1,050 cameras. AI-driven enforcement. E-challans. And traffic signals that go dark after 8 PM

Srinagar is deploying 1,050 cameras, generating e-challans, and drawing roadmaps toward zero fatalities. Commendable on paper. But here is the question no meeting agenda dares carry: when traffic signals go dark after 8 PM and seasonal rain renders half the city's signal infrastructure non-functional, what exactly is the Intelligent Traffic Management System managing?

Eight hundred cameras are reportedly functioning. Automated enforcement eliminates human friction at traffic stops, the arguments, the discretion, the opacity. That is a measurable improvement deserving acknowledgement. So does the Divisional Commissioner's multi-disciplinary meeting, addressing parking issues, one-way corridors, and median crossings. But administrative breadth is not administrative depth.
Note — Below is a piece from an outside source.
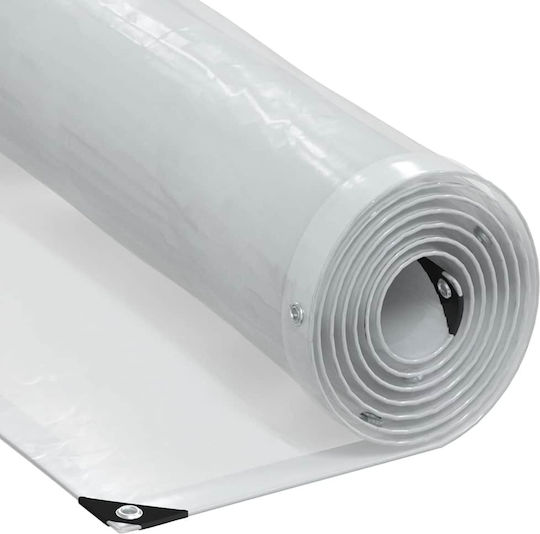 vidaXL Wasserdicht Plane 140gr/m² 10x6m. Licht Typ Transparent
Srinagar carries over five lakh registered vehicles on roads designed for a fraction of that number. Underage drivers, some involved in fatal accidents, still navigate these streets. AI identifies a helmetless rider. It cannot identify the parent who handed over the keys.

Before deploying machine learning to predict congestion, can the administration guarantee that Exchange Junction's signal functions through a February night? Every newly appointed official arrives with a transformative vision. The Darbar Move follows. The vision frequently departs with the official.

Accountability for contractors, municipalities, and the system that normalises the gap between directive and delivery must precede every algorithm.

The cameras are watching. The question is whether the administration is watching itself.